Uber Eats (NYSE: UBER) will enter the German market in the next few weeks, going head-to-head with Just Eat Takeway.com in that country for the first time. The CEOs of both firms are now trading barbs on Twitter.
The news was first reported by the Financial Times.
“Europe in particular has been a bright spot for [Eats], both in terms of some of the growth we’ve seen, but also, frankly, in terms of the strengthening of our market position,” Pierre-Dimitri Gore-Coty, Uber’s senior vice president of delivery, told the publication.
Gore-Coty said Just Eat Takeaway.com had a “monopolistic” hold on the German food delivery market and that the company’s commission rates are “extraordinarily high.”

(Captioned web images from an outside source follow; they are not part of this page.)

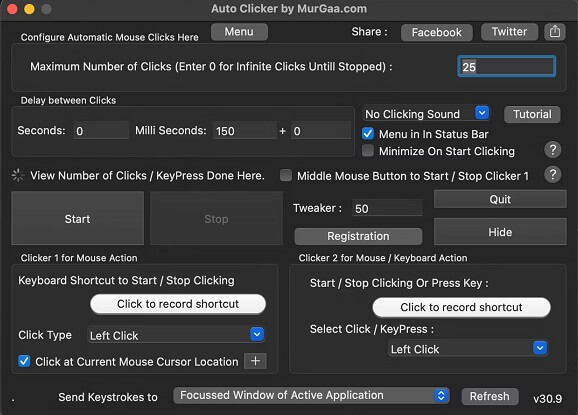 Auto Clicker for Mac - Free Download (2023 Latest Version)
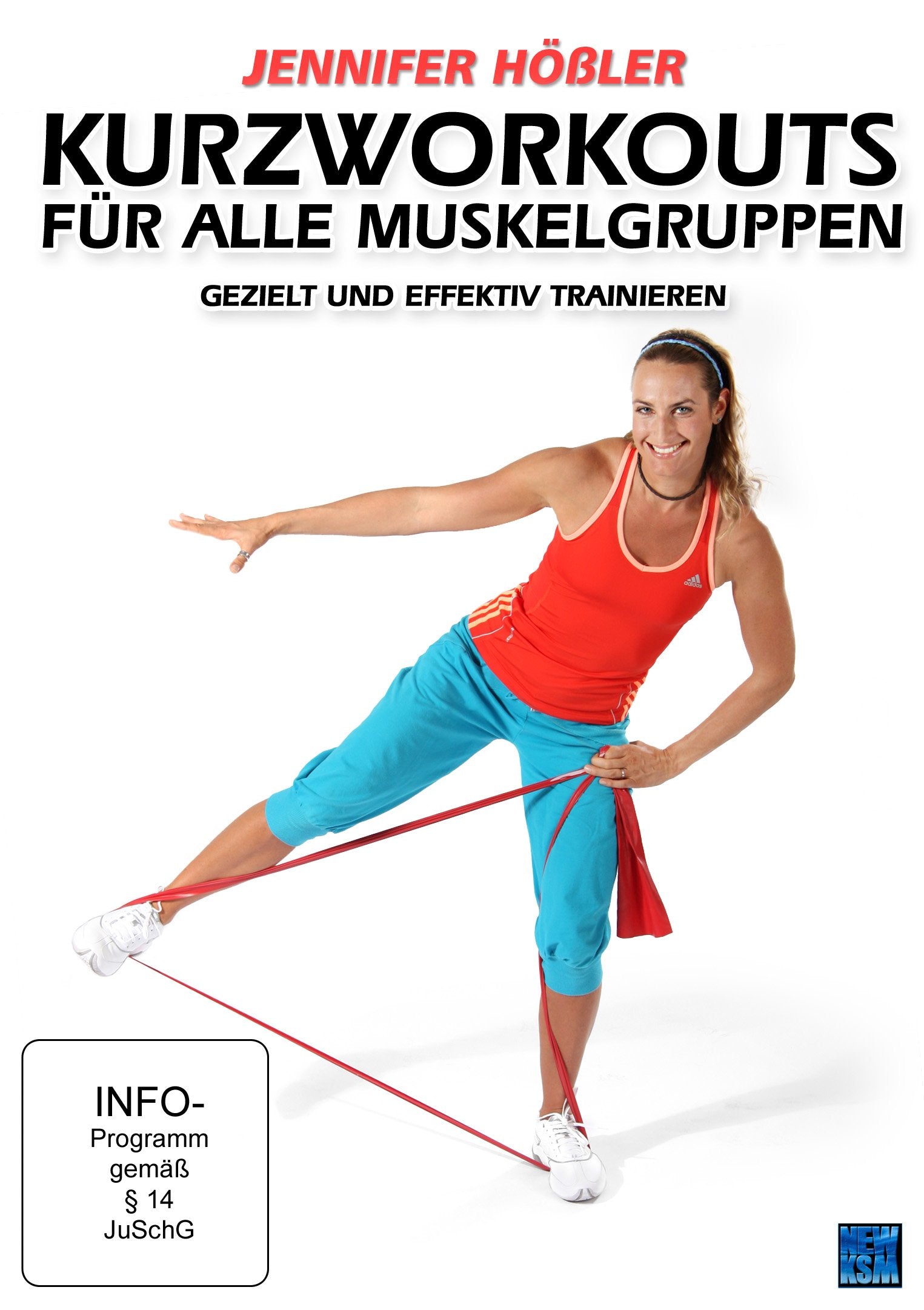 Jennifer Hößler - Kurzworkouts für alle Muskelgruppen - Gezielt und effektiv Trainieren Movies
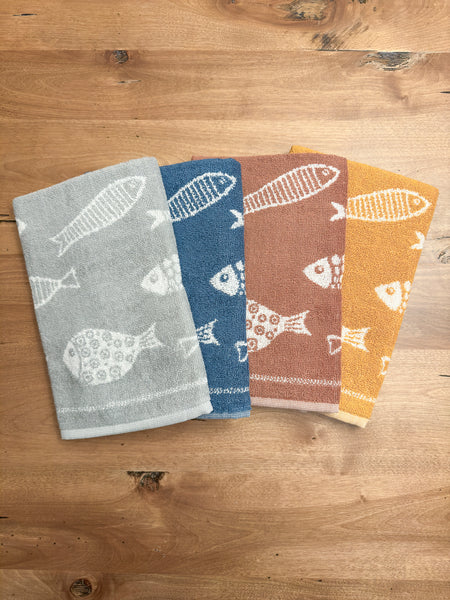  Fish Kitchen Towels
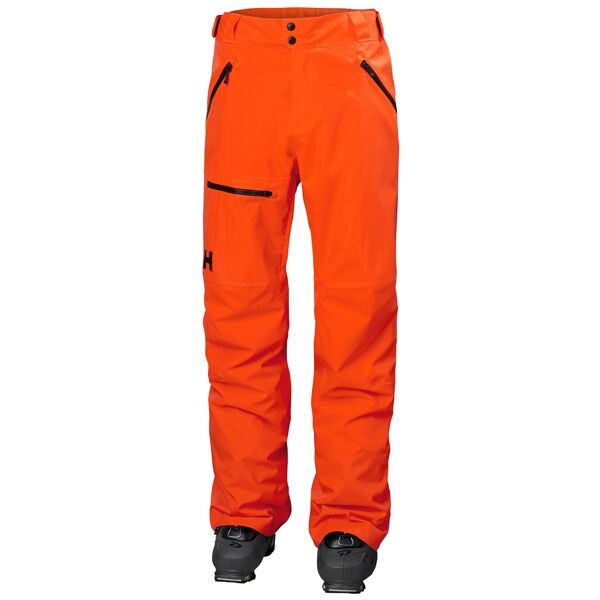 Helly Hansen SOGN CARGO PANT Мъжки скиорски панталон, оранжево, размер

The companies, along with Deliveroo, are fierce competitors in the U.K., where Just Eat saw its orders jump 57% in the fourth quarter of 2020. Deliveroo just went public and Uber Eats also has a strong foothold.
Just Eat Takeaway.com CEO Jitse Groen tweeted at Uber CEO Dara Khosrowshahi Wednesday morning. “Interesting way of trying to depress our share price @dkhos. Now, when did I see that before,” he wrote.
Khosrowshahi responded with some “advice.” “Advice: pay a little less attention to your short term stock price and more attend to your Tech and Ops.”
Interesting way of trying to depress our share price @dkhos. Now, when did I see that before? 🤔— Jitse Groen (@jitsegroen) April 21, 2021
Thank you for the advice, and then if I may .. Start paying taxes, minimum wage and social security premiums before giving a founder advice on how he should run his business.— Jitse Groen (@jitsegroen) April 21, 2021
Groen replied back with a thank you. “Thank you for the advice, and then if I may: … Start paying taxes, minimum wage and social security premiums before giving a founder advice on how he should run his business.”
Just Eat announced Tuesday it would pay its 1,500 couriers in Liverpool, England, minimum pay, sick pay and holiday pay. Uber recently announced it would reclassify approximately 70,000 Uber Rides drivers in the U.K. as “workers,” ensuring them minimum wage and providing other benefits not associated with independent contractors.
Uber Eats drivers in Germany will work for courier services, similar to how the rideshare business operates. In a Medium blog post last summer, Alison Stein, an economist with Uber, explained how a similar setup operates in Geneva.
“Until recently, Uber Eats operated in Geneva essentially in the same way it does in places like California: Couriers independently signed up to use the Uber Eats app, with no limit on how many could use the app to access work,” she wrote. “Couriers could determine when, where and how they work, with the freedom to choose their hours and to start and stop working at any time. They could also choose to accept or decline any delivery request for any reason.
“Under the new model, which went into effect on Sept. 1, couriers are prohibited from using Uber Eats as independent contractors. Instead, anyone working on Uber Eats must be an employee of a ‘fleet operator’ — a delivery company that hires couriers as traditional, scheduled employees,” Stein added.
Last year, Just Eat merged with Takeaway.com in an $8.5 billion merger. Almost immediately, the new company announced the acquisition of U.S.-based Grubhub for $7.3 billion. That deal, which has been approved by Grubhub’s board, is expected to close in the first half of this year and will create the largest food delivery service outside of China.
Uber had reportedly been in talks to acquire Grubhub, but the deal fell through and Grubhub turned to Just Eat Takeaway.com.